O poder público também sentiu os impactos positivos da iniciativa. “Os professores voltam com uma visão totalmente diferente, com a perspectiva de trabalhar a educação de forma sustentável. As crianças levam esse conhecimento para casa, passam para os pais (…), então toda a comunidade é beneficiada”, afirma Adalberto Martins Sobrinho, secretario de educação do município de Central/BA na época de implementação do projeto.

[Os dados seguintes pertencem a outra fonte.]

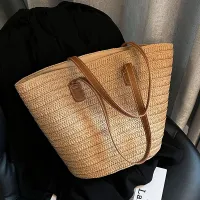 Summer Women Fashionable Straw Woven Large Capacity Tote Bag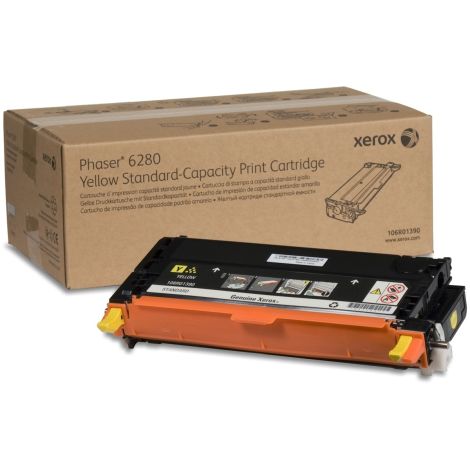 Toner Xerox 106R01390 (6280), žlutá (yellow), originál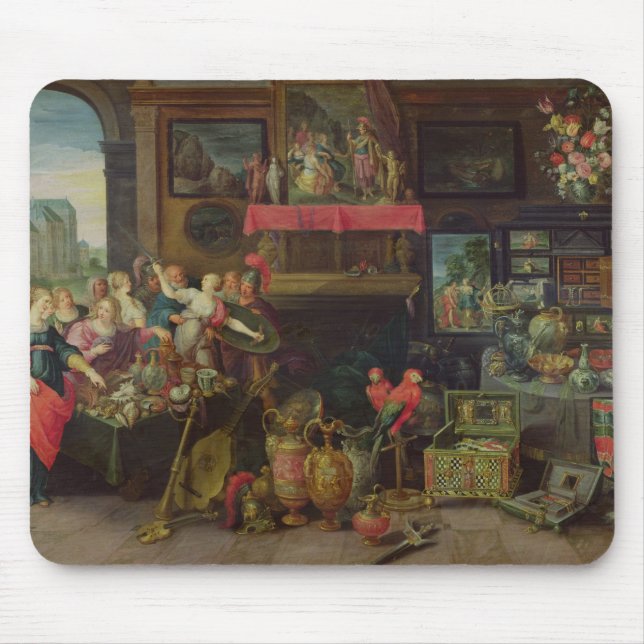 Ulysses Recognising Achilles Amongst Daughters Mouse Mat (Front)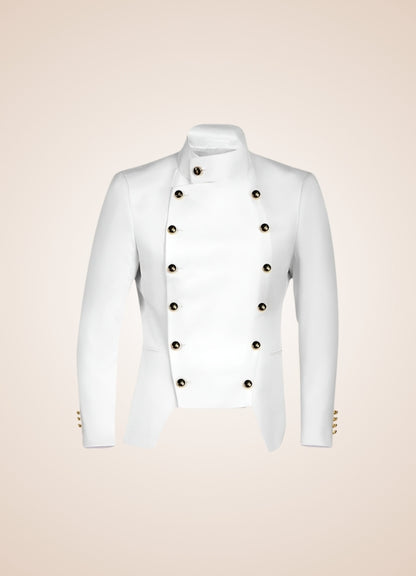 Renaissance Double Breasted Jacket White / XL renaissance-double-breasted-jacket-white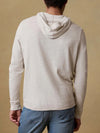 Faherty Brand Sunwashed Slub Hoodie in Ice Grey Stripe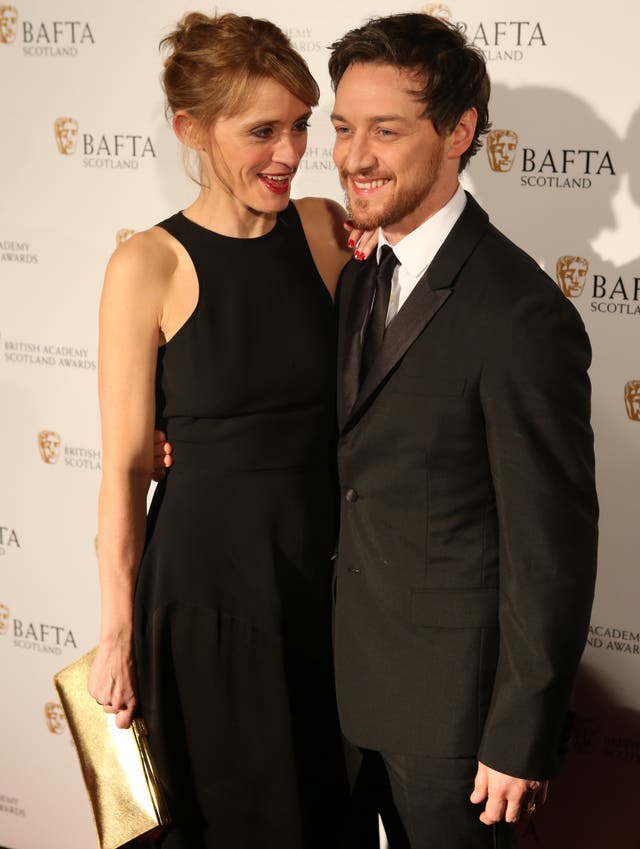 Actors James McAvoy and Anne-Marie Duff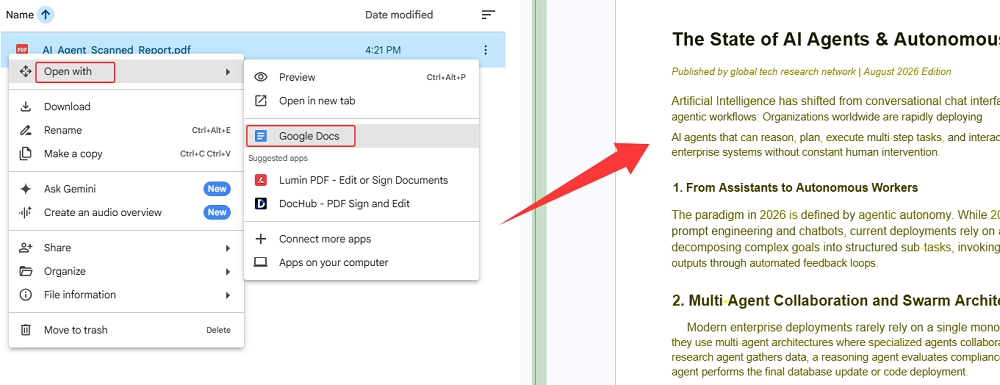 Copy Text from a Scanned or Image-Based PDF on Google Drive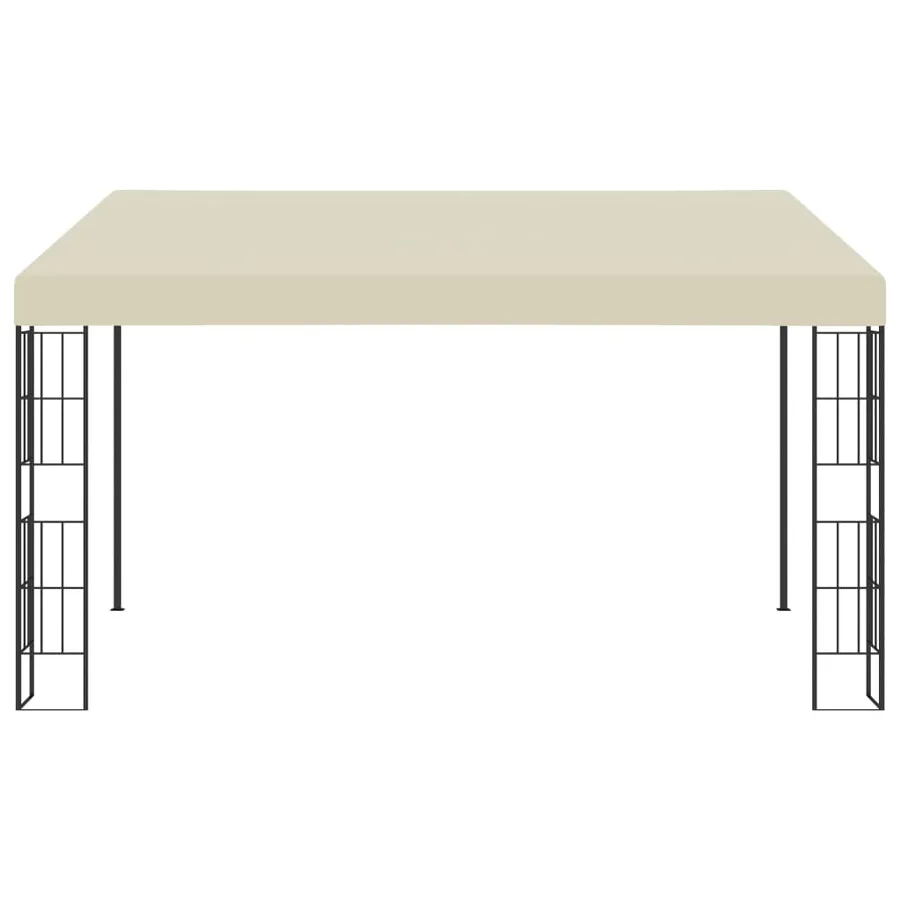 Belvédère mural 3x4 m Crème Tissu - 2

A filosofia da educação contextualizada reflete também as práticas de comunicação popular, especialmente na preocupação em se pensar linguagens e veículos mais adequados para os materiais didáticos darem suporte contextualizado às ações educativas que foram realizadas. Para Cláudio Rodrigues, este é um elemento chave no êxito do trabalho. “Nesse processo de formação dos professores nós pensamos nos materiais, nos cartazes, nas cartilhas, pensamos em uma linguagem acessível para as crianças e também as famílias, pois isso está para além da escola, a comunidade inteira é contemplada”, afirma.

A continuidade de uma ação tão importante é motivo de celebração e também de enfrentamento de questões essenciais ao desenvolvimento social do Semiárido.

Transformação social e continuidade – O projeto Cisternas nas Escolas se provou exitoso não só pelos resultados alcançados nas comunidades escolares diretamente atendidas, mas também pelas sementes plantadas na luta por um Semiárido com mais qualidade de vida. O papel da ASA foi fundamental, ao incorporar a água de educar nas bandeiras de convivência com o Semiárido. Assim, o projeto voltou a ser realizado em 2011, abrangendo todo o Nordeste e o norte de Minas Gerais e ganhou caráter de política pública, sendo financiado pelo MDS.

Os dividendos alcançados por meio da valorização da vida, da cidadania, da igualdade de direitos e do espírito solidário nas comunidades rurais e no ambiente escolar foram reconhecidos pelo ‘Prêmio Fundação Banco do Brasil de Tecnologia Social’ em 2011, que identificou na ação do projeto Cisternas nas Escolas um veículo que contém um potencial real para promover transformação social.

Em 2015, mais uma etapa será executada, objetivando construir 5 mil tecnologias sociais até 2016, a ser implementados em 256 municípios. A continuidade de uma ação tão importante é motivo de celebração e também de enfrentamento de questões essenciais ao desenvolvimento social do Semiárido, como o desafio de trabalhar a educação contextualizada em larga escala. O fenômeno da ‘nucleação’, que nada mais é que a aglutinação de estudantes em um número menor de escolas (significando o fechamento de várias delas) é outro grande desafio posto para a sociedade civil organizada e os movimentos sociais que lutam pela educação contextualizada no Brasil. O relatório “Escolas Esquecidas”, elaborado pelo Instituto CNA em conjunto com o Observatório das Desproteções Sociais no Campo, sistematiza boa parte das dificuldades enfrentadas no ensino rural, mas não dá conta de mostrar um espectro mais amplo dos problemas, por si só um indicativo de que há muito por ser feito.

Apesar das dificuldades que se desenham adiante, a perspectiva é muito positiva, e as conquistas sociais proporcionadas pela água de educar oferecem um norte fértil para ser desbravado dentro da filosofia da convivência. Segundo Mário Jacó, este é um caminho que vale a pena ser trilhado. “No dia que todas as nossas crianças tiverem uma água de qualidade para beber, uma água de qualidade para produzir e uma escola de qualidade, nós vamos transformar a realidade do Semiárido brasileiro, porque o alicerce da transformação é a educação”, afirma.